The estate’s protest of this determination was mailed to the Division, as evidenced by postmark, on March 5, 2004 (Friday), and was received by the Division on March 8, 2004 (Monday). By letter dated March 16, 2004, the Division denied the protest as untimely. By complaint filed in the Tax Court on April 7, 2004, the estate contests that determination and seeks an adjudication vacating the assessment. The Division has moved for dismissal of the complaint. Although the motion is phrased in terms of untimely filing in the Tax Court, the actual issue, acknowledged as such by the parties at argument, is whether the Division correctly denied the protest as untimely and disallowed administrative review of the assessment. If the Division’s action is correct, this action may be summarily dismissed. If not, further proceedings to address the estate’s substantive argument will follow.

The statute generally governing administrative protests of additional tax assessments, N.J.S.A. 54:49-18 a, provides, in pertinent part:

If any taxpayer shall be aggrieved by any finding or assessment of the director, he may, within 90 days after the giving of the notice of assessment or finding, file a protest in writing signed by himself or his duly authorized agent, certified to be true, which shall set forth the reason therefor, and may request a hearing. Thereafter the director shall grant a hearing to the taxpayer, if the same shall be requested, and shall make a final determination confirming, modifying or vacating any such finding or assessment.

If this procedure is followed, judicial review of the final determination may be sought in the Tax Court. Alternatively, a taxpayer dissatisfied with an additional assessment may, without filing an administrative protest, proceed directly to the Tax Court, by filing a complaint “within 90 days after the date of the action sought to be reviewed.” N.J.S.A. 54:51A-14 a. The notice of assessment issued by the Division in this matter advised the estate’s representative of these two avenues to dispute the determination. In describing the administrative protest procedure, the notice recited *661that this required “a written request to the Inheritance Tax Branch within 90 days of the date of this notice.”

The language of the notice is not conclusive on the question of when the ninety-day period begins to run, inasmuch as the statutory language speaks of “the giving of the notice” without specifying whether notice is considered to be given on the date written notification is issued, mailed, or received. Determination of the actual event constituting the giving of notice under a particular statutory provision is a question for interpretation. See Elliot-Farber Roofing & Siding Supply Co. v. Saitta, 79 N.J.Super. 568,192 A.2d 318 (App.Div.1963).

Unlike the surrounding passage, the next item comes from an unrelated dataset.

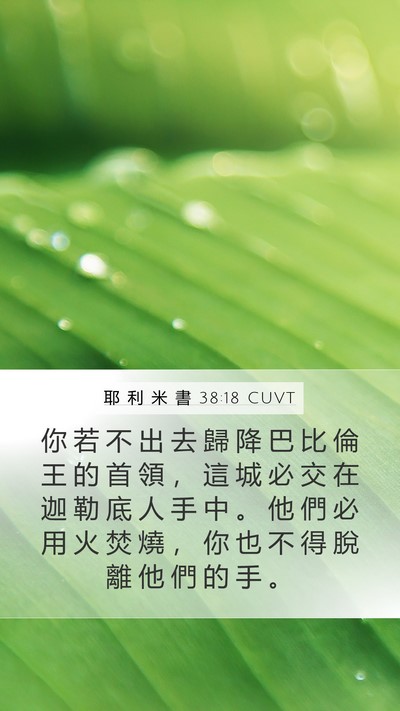 耶 利 米 書 38:18 CUVT Bible Verse Image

The Division’s regulation concerning inheritance tax protests, N.J.A.C. 18:26-12.9(a), provides, in pertinent part:

In order to make a protest of a Transfer Inheritance and Estate Tax Branch assessment or finding within the 90 day period provided by N.J.S.A. 54:49-18, a written protest must be submitted to the Branch.

It does not expressly address when the ninety-day period begins. The general regulation for protests of assessment, both as codified at N.J.A.C. 18:1-1.8 at the time of the subject assessment and now as appearing at N.J.A.C. 18:32-1.1, describes the period within which a protest is timely as “within 90 days of the giving of the notice or the action of the Director sought to be reviewed.” In their totality, the statutory and regulatory provisions, and the variations among them, leave the determination to be made in this matter less than clear.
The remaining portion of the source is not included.